Given entries ▸
Content starts

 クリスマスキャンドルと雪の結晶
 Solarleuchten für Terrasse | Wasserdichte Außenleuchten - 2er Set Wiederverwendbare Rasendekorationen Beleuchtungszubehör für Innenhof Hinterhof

Content ends
Content starts

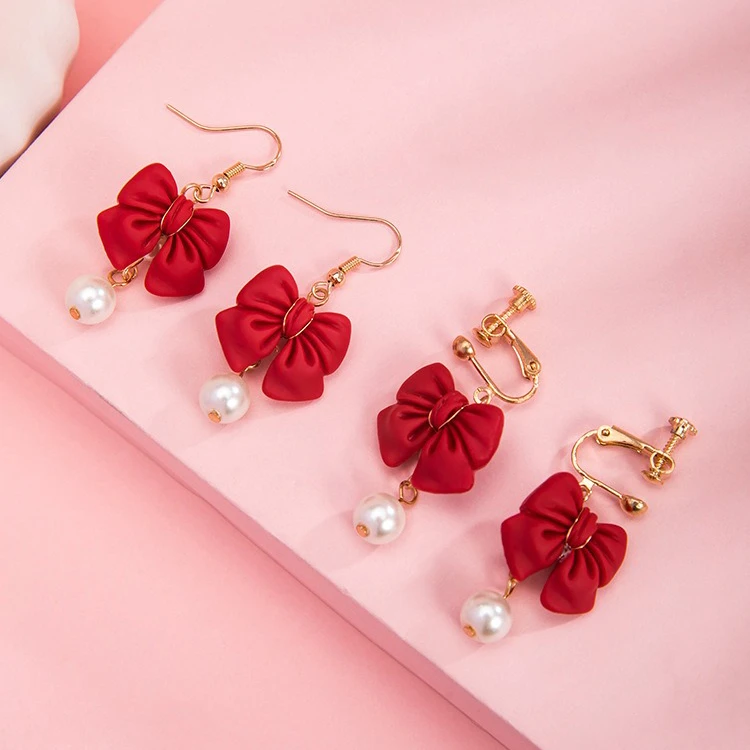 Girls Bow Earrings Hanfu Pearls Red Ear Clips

Content ends

Instructions to follow ▸ From the listing above, repeat exactly the lines starting at the line that includes "クリスマスキャンドルと雪の結晶" and ending at the line that includes "Solarleuchten für Terrasse", with nothing outside that span.

Exercise result ▸
 クリスマスキャンドルと雪の結晶
 Solarleuchten für Terrasse | Wasserdichte Außenleuchten - 2er Set Wiederverwendbare Rasendekorationen Beleuchtungszubehör für Innenhof Hinterhof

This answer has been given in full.